**Your task**:
Restate every record word for word, without the pictures.

Data excerpts:
------------------------------------------------------------------------
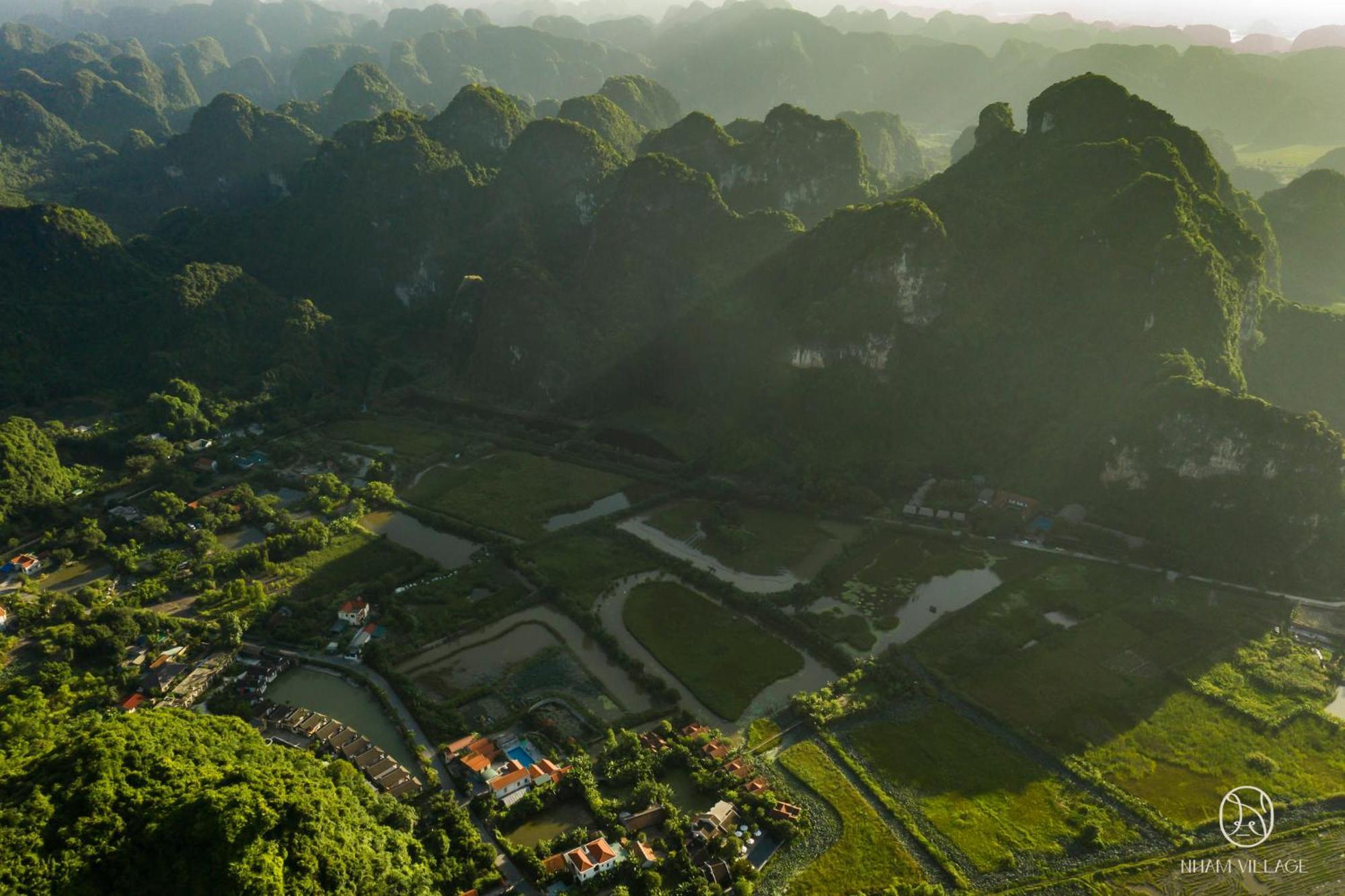 Nham Village Resort Ninh Binh Buitenkant foto
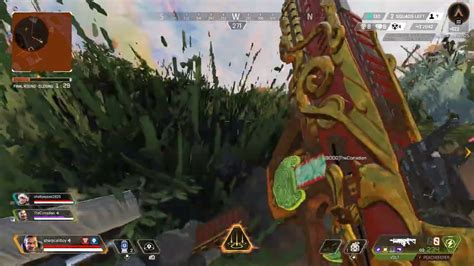 Apex Legends Big Gibby Ult To Win Game Youtube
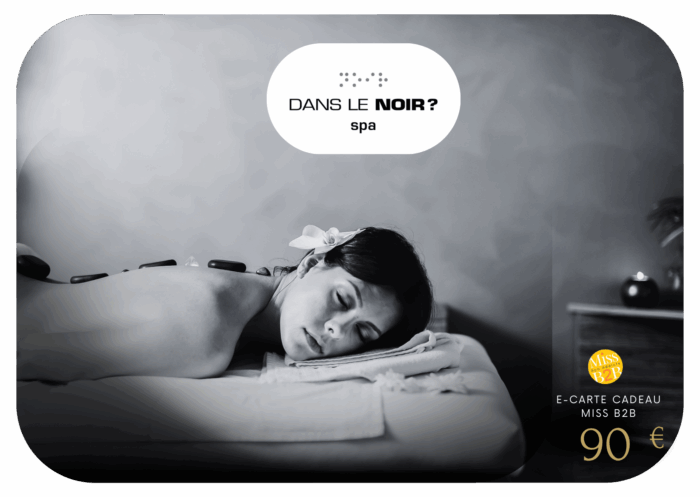 Pass Bien-Être SPA DANS LE NOIR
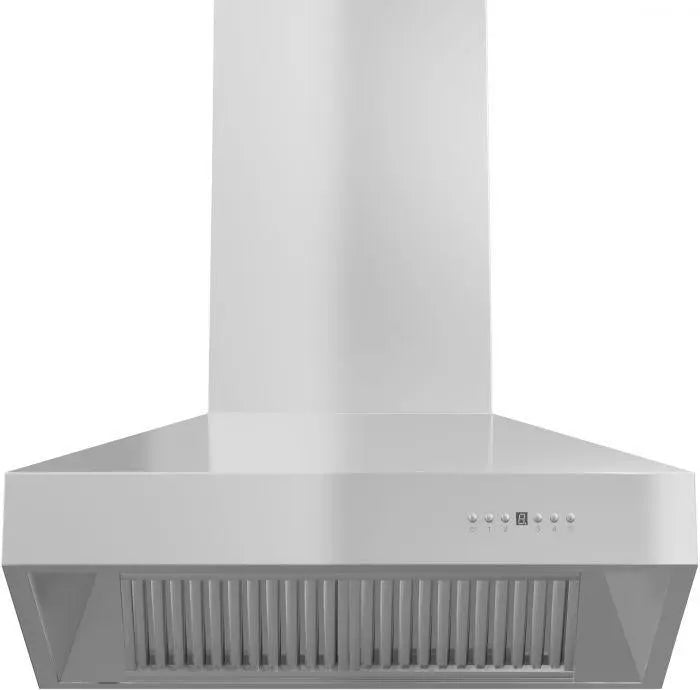 ZLINE 36" Professional Ducted Wall Mount Range Hood in Stainless Steel, 697-36 ZLINE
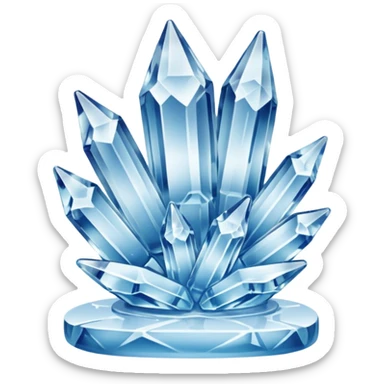 ice sculpture sticker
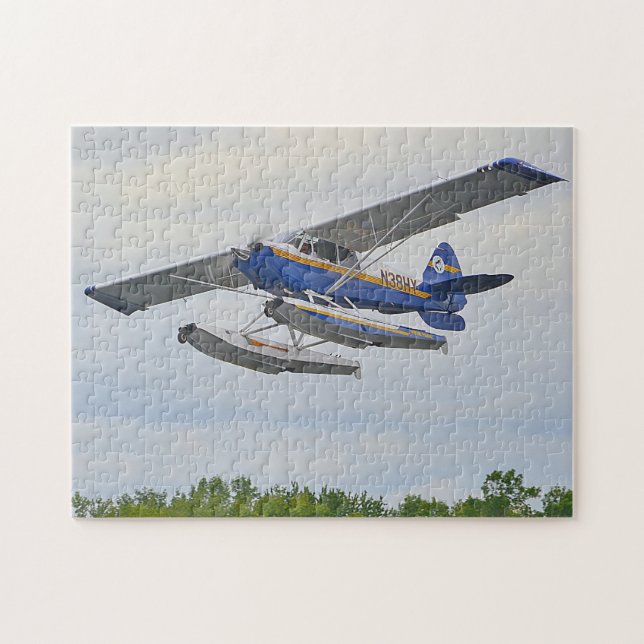 Seaplane Puzzle Pussel (Horisontell)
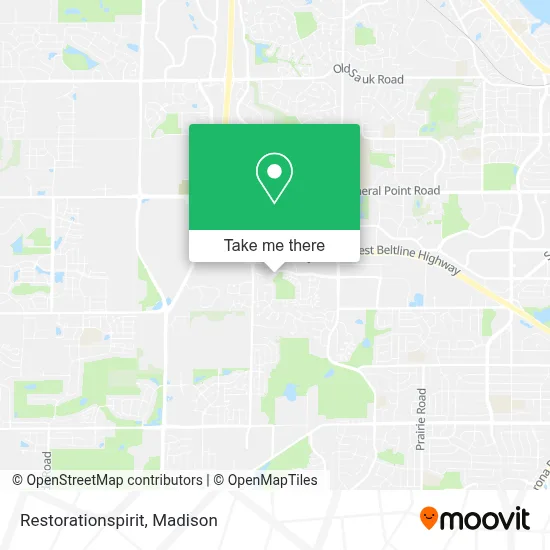 Restorationspirit map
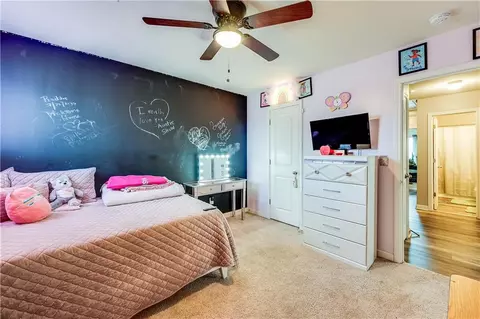 Bedroom - 1574 Leonard St, Hampton, GA 30228 photo 8 of 14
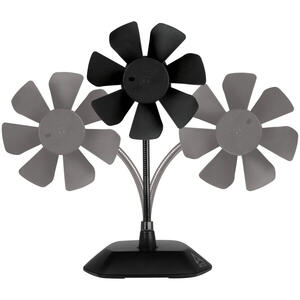 Ventilator ARCTIC Breeze Color, negru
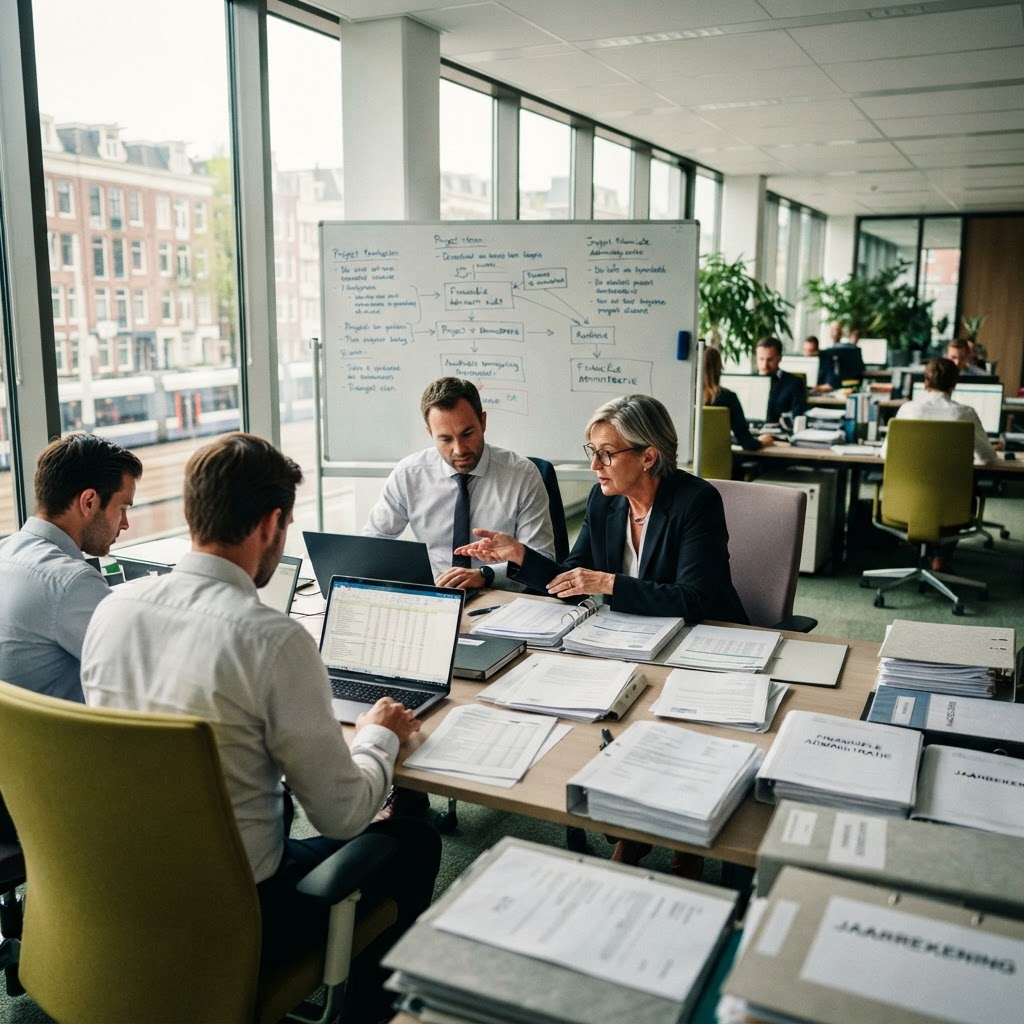 Aanbesteding Accountantsdiensten 2026 e.v. - Waterschap Hunze en Aa's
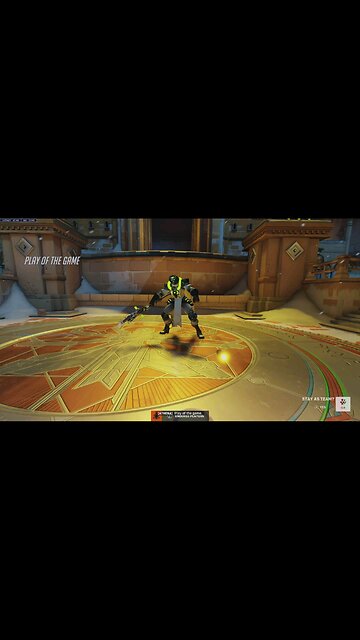 You will suffer as Ramattra has. POTG in Overwatch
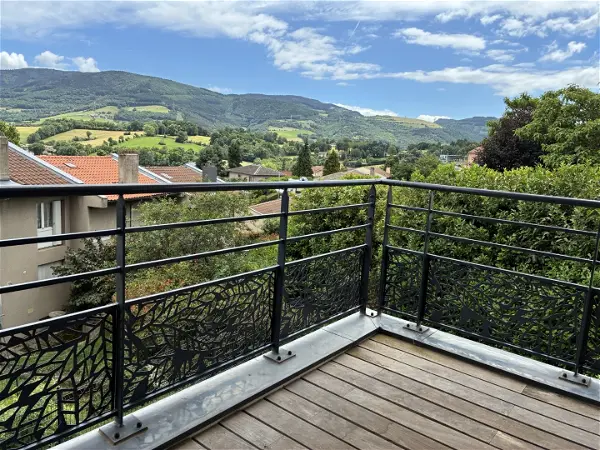 Appartement à louer - SAINT-JEAN-BONNEFONDS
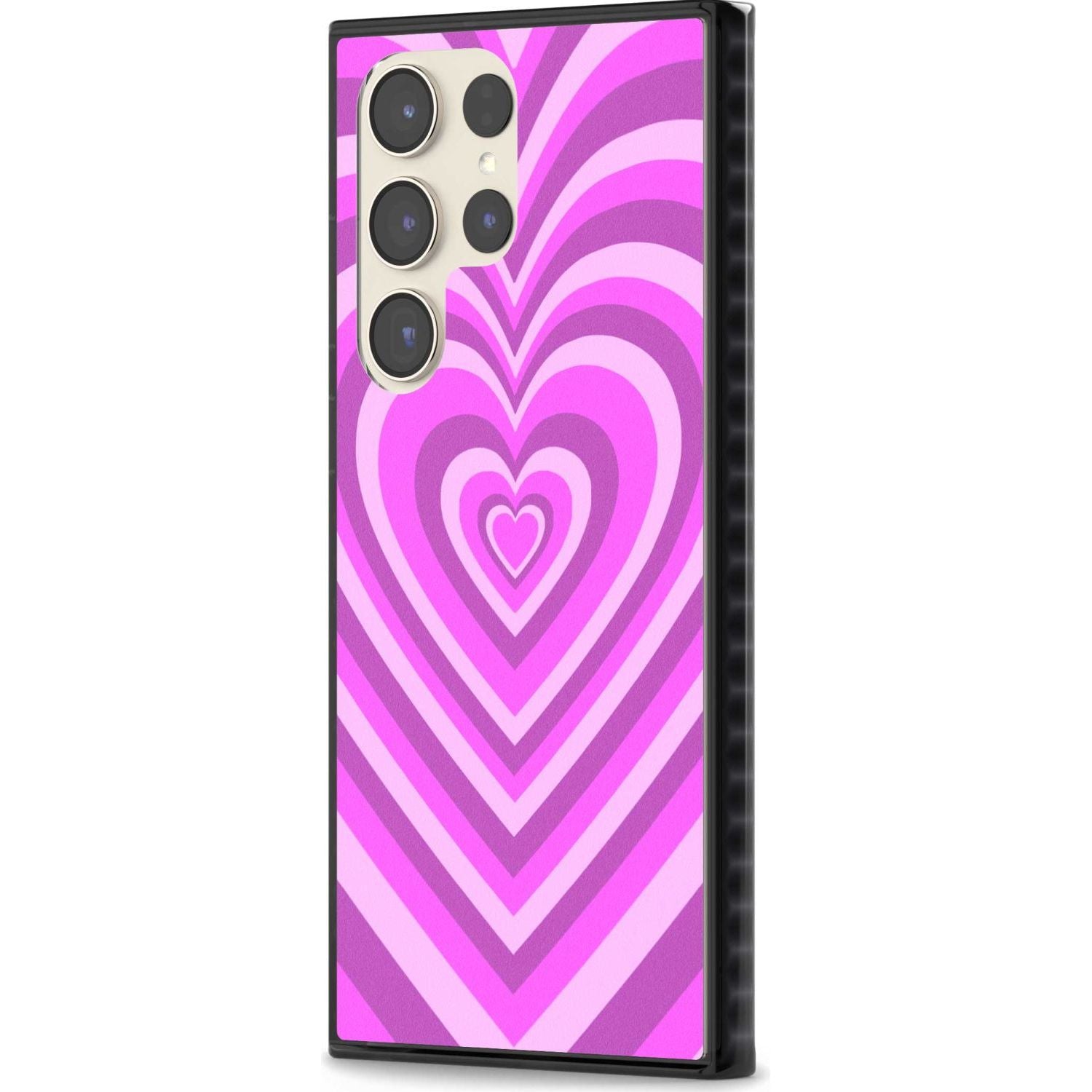 Pink Heart Illusion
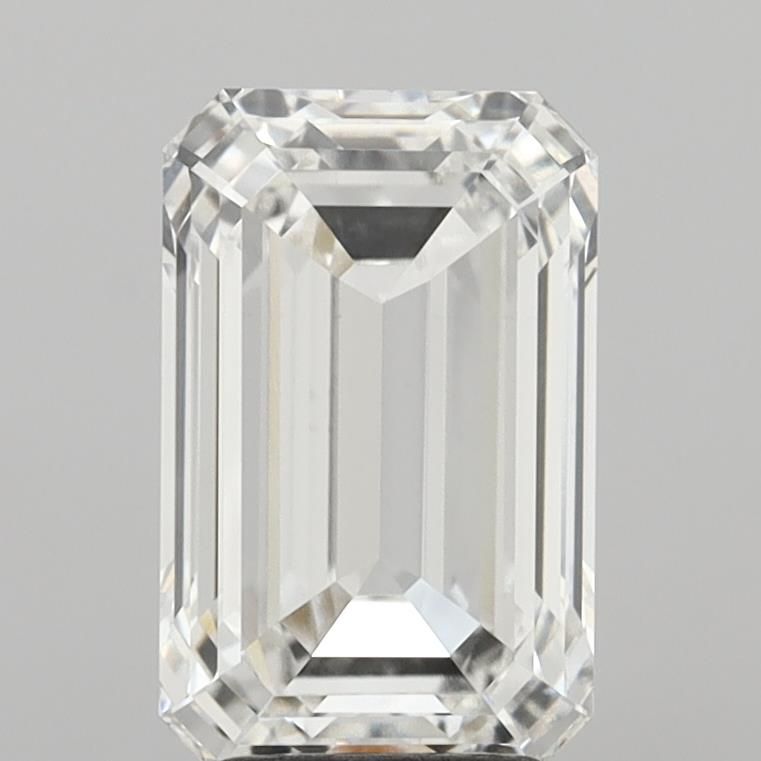 3.56 ct. emerald Lab Grown Diamond front image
------------------------------------------------------------------------
**Response box**:
 Nham Village Resort Ninh Binh Buitenkant foto
 Apex Legends Big Gibby Ult To Win Game Youtube
 Pass Bien-Être SPA DANS LE NOIR
 ZLINE 36" Professional Ducted Wall Mount Range Hood in Stainless Steel, 697-36 ZLINE
 ice sculpture sticker
 Seaplane Puzzle Pussel (Horisontell)
 Restorationspirit map
 Bedroom - 1574 Leonard St, Hampton, GA 30228 photo 8 of 14
 Ventilator ARCTIC Breeze Color, negru
 Aanbesteding Accountantsdiensten 2026 e.v. - Waterschap Hunze en Aa's
 You will suffer as Ramattra has. POTG in Overwatch
 Appartement à louer - SAINT-JEAN-BONNEFONDS
 Pink Heart Illusion
 3.56 ct. emerald Lab Grown Diamond front image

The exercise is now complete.